Russia's state-run gas giant Gazprom -- long accused of acting as the Kremlin's political enforcer against neighbours seeking closer ties to the West -- said it "welcomed" Ukraine's decision to transfer a $786-million payment to partially cover its debts.
      
"We welcome Ukraine starting to pay back its debt and postpone the pre-payment regime until June 9," Gazprom chief executive Alexei Miller said in a statement."       

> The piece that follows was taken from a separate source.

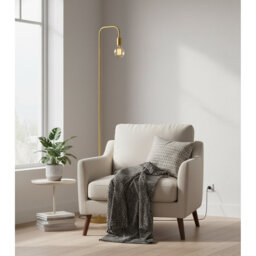 Industrial Antique Brass Gold Minimalist Floor Lamp - Standing Lamp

Ukraine had branded Gazprom's decision to nearly double its gas price a form of "economic aggression" and balked at Russia's demand for advance payments for deliveries starting in June.
      
Gazprom had said it would halt all shipments to Ukraine unless it paid for June deliveries by Monday night.
      
Russian gas transits through Ukraine to supply about 15 percent of European needs and a top EU envoy is now urgently seeking a compromise that could save 18 member states from seeing their deliveries start to dwindle as early as next week.
      
Gazprom hinted on Monday that it might push back its ultimatum even further if Ukraine started making partial payments for April and May deliveries.
      
"The first payment opens the way for negotiations on the entire set of issues," the Russian energy ministry said in a separate statement.
     
Analysts believe that a long-term compromise was possible because Russia would prefer to avoid complicating its relations with Europe amid US threats to impose wider economic sanctions for its perceived involvement in the eastern insurgency.
                      
Ukraine's president-elect Petro Poroshenko -- a charismatic confectionery tycoon who scored a crushing victory in a May 25 election and refuses to recognise Russia's March annexation of Crimea -- is seeking a closer Western military alliance that could protect his splintered country's sovereignty.
      
The visit by Chollet, Pentagon's second-ranked commander comes ahead of Poroshenko's first meeting on Wednesday in Warsaw with US President Barack Obama.
     
Ukraine and the former Soviet satellites of eastern Europe are anxious about the impact of a big speech Obama gave last week in which he put American diplomacy above military might in confronting threats such as that of Russia's expansion.
     
But US officials insist that Washington's commitment to Ukraine remained strong.
      
"The US condemns and rejects the occupation of Crimea and remains committed to working with Ukraine to find a peaceful resolution to the conflict," Chollet said after talks with Ukraine's acting defence minister and the head of the national security council.
      
He added that Washington was in discussions on proving Ukraine $18 million in military assistance and helping Kiev "build highly effective armed forces" -- comments that are sure to irk the Kremlin.
                      
Russian President Vladimir Putin spelt out the threat of an outright invasion of Ukraine when he sought and won parliament's authorisation on March 1 to use any means necessary to "protect" his compatriots living across the border.
      
But the drumbeats of war began fading last month when Putin surprised many by suddenly softening his tone.
      
The Russian leader advised Ukraine's eastern Lugansk and Donetsk regions against holding May 11 independence referendums that went ahead anyway but which he then refused to recognise as binding.
      
Putin also promised to "respect" the outcome of Ukraine's own election and began pulling back the 40,000 troops he had parked just inside Russia's border in an ominous show of strength that touched off near-panic in Kiev.
      
Western diplomats remain sceptical about the sincerity of Putin's restraint.
      
On Monday Russia piled further diplomatic pressure on Kiev by announcing that it would submit a draft resolution to the United Nations Security Council on creating a corridor to allow civilians to escape areas affected by the fighting.
      
Ukraine has previously rejected the need for such an "aid corridor" out of fear that Russia might want to send in troops to supervise the evacuation.
      
But analysts agree that the Kremlin's softening in tone provides an opening for Poroshenko as he tries to arrange the first meeting by a Ukrainian leader with Putin since the seizure of Crimea sparked the worst East-West crisis since the Cold War.